Non potrebbe essere la Chiesa cattolica venezuelana a svolgere questa mediazione?
In primo luogo, occorre tenere presente che circa il 75% della popolazione venezuelana è cattolica, almeno culturalmente, e che ci sono cristiani in tutte le classi sociali e schieramenti politici. Sebbene il governo abbia cercato di approfondire la divisione tra gerarchia anti-rivoluzionaria e cattolicesimo popolare, la Chiesa mantiene un'elevata credibilità rispetto ad altre istituzioni.

La posizione della gerarchia si è manifestata attraverso due dichiarazioni ufficiali della Conferenza episcopale venezuelana che si riassumono nella seguente proposta: «Chiediamo ai leader di tutti i partiti e gruppi, sociali e politici, che incoraggino i loro simpatizzanti a contribuire con il loro comportamento e le loro parole ad allentare le tensioni, a riconoscere gli avversari e a cercare la riconciliazione. Sia forte il proposito di costruire la pace e prevenire qualsiasi manifestazione violenta che possa rompere la convivenza pacifica tra tutti i cittadini» (14 febbraio 2014).

Anche se alcuni leader, soprattutto di opposizione, propongono la mediazione della Chiesa, difficilmente il governo le riconoscerà questo ruolo, essendo stata negativamente segnata da uno sfortunato intervento del cardinale Velasco nel tentato colpo di Stato dell'aprile 2002.

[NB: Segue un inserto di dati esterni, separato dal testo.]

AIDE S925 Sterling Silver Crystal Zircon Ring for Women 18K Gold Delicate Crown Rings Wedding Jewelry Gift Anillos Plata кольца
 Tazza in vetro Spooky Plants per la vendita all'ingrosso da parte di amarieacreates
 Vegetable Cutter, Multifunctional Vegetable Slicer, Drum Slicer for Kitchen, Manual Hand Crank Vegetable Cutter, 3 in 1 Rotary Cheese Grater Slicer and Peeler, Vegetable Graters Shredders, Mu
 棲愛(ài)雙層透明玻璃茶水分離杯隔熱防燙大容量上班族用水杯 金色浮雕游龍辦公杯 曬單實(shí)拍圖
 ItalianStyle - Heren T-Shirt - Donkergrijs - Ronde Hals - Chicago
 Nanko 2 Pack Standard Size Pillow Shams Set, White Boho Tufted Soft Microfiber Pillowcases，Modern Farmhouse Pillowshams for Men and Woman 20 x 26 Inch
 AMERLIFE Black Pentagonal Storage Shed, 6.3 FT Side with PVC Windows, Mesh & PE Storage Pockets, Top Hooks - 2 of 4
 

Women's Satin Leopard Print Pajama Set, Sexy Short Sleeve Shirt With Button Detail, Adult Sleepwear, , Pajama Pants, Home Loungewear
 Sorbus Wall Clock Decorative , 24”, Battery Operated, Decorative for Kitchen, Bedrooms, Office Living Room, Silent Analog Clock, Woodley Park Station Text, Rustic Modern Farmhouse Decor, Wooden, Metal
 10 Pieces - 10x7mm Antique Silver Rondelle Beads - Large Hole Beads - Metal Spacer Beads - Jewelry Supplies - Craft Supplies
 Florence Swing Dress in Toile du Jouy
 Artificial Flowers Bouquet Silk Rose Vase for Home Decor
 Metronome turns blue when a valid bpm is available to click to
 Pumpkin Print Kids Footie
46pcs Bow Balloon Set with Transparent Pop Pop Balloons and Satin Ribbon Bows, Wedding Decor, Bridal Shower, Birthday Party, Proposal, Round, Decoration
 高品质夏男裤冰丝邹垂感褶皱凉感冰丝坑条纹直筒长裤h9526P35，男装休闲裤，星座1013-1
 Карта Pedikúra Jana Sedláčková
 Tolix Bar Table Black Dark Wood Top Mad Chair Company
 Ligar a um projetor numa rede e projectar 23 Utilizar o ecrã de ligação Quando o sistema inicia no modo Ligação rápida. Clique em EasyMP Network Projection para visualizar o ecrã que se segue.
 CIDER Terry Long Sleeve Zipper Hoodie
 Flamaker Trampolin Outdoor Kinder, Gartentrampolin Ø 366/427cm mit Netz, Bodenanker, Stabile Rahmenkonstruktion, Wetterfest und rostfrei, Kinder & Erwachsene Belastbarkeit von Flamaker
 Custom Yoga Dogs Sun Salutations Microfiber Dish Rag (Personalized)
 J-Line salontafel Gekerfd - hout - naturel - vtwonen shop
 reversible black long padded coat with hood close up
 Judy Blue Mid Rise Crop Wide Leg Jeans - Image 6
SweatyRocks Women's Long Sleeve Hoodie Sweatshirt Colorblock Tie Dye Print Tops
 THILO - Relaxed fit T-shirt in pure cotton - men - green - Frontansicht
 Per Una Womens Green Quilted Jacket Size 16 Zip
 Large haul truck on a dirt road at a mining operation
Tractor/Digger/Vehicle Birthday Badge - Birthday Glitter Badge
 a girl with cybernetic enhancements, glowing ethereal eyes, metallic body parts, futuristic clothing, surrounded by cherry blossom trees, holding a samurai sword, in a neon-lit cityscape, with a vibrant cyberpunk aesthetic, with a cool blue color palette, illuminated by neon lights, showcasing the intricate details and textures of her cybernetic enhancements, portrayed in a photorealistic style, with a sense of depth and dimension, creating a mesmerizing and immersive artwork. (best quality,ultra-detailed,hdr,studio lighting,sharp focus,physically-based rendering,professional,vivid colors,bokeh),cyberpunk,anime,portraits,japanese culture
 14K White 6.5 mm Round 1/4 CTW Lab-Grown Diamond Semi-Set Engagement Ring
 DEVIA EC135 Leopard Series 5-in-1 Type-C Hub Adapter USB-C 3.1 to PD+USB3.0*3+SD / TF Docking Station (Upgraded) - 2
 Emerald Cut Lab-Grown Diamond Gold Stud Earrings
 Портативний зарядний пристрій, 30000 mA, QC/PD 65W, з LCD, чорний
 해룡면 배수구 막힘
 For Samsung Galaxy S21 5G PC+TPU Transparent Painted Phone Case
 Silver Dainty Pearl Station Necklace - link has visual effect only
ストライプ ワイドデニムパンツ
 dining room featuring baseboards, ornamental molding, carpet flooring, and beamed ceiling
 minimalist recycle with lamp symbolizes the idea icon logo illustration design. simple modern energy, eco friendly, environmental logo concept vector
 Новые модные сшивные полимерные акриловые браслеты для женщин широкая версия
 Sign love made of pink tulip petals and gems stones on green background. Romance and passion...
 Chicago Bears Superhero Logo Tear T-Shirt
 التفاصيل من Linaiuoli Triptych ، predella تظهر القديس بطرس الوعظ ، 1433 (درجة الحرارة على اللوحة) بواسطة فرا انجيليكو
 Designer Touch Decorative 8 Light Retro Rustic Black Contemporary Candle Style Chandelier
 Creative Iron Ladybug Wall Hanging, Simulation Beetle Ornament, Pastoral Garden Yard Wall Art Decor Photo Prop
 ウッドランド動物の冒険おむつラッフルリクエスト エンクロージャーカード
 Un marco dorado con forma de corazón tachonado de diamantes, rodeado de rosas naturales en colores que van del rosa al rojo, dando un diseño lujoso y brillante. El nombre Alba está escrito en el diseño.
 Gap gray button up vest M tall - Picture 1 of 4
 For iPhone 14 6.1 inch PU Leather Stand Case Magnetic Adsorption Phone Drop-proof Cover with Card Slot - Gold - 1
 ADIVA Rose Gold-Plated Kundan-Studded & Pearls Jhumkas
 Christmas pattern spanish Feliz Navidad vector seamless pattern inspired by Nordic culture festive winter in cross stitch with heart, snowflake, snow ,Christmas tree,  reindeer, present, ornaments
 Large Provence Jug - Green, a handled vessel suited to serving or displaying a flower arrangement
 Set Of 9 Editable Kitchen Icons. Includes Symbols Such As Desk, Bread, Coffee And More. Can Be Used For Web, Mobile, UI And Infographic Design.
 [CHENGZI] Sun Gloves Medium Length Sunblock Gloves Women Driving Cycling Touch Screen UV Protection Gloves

Ci sono poi singoli pastori che si sono pronunciati, come il vescovo di San Cristóbal - luogo dei primi tumulti - e l'arcivescovo di Maracaibo, il primo con un tono più conciliante e il secondo più critico. Ci sono state numerose altre comunicazioni, provenienti da istituzioni cattoliche, anzitutto dall'Università Cattolica Andrés Bello, e di altre organizzazioni vicine alla Chiesa: in tutte c'è il riconoscimento della legittimità delle proteste studentesche, la richiesta di tutelare i diritti umani e l'appello a un dialogo nazionale.

Per quanto riguarda il Centro Gumilla, con la nostra rivista Sic e attraverso la Rete di azione sociale della Chiesa cerchiamo di contribuire alla depolarizzazione politica, al dialogo per la ricerca del consenso e, in ultima analisi, a creare un clima di riconciliazione. Crediamo che senza trattative e senza accordi il Paese rischi di andare in rovina. E la ricostruzione , soprattutto istituzionale, durerebbe parecchi anni, anche se il petrolio mantenesse un buon prezzo... In un numero speciale di Sic, che ha appena celebrato il suo 75° anniversario, proponiamo ulteriori vie di uscita.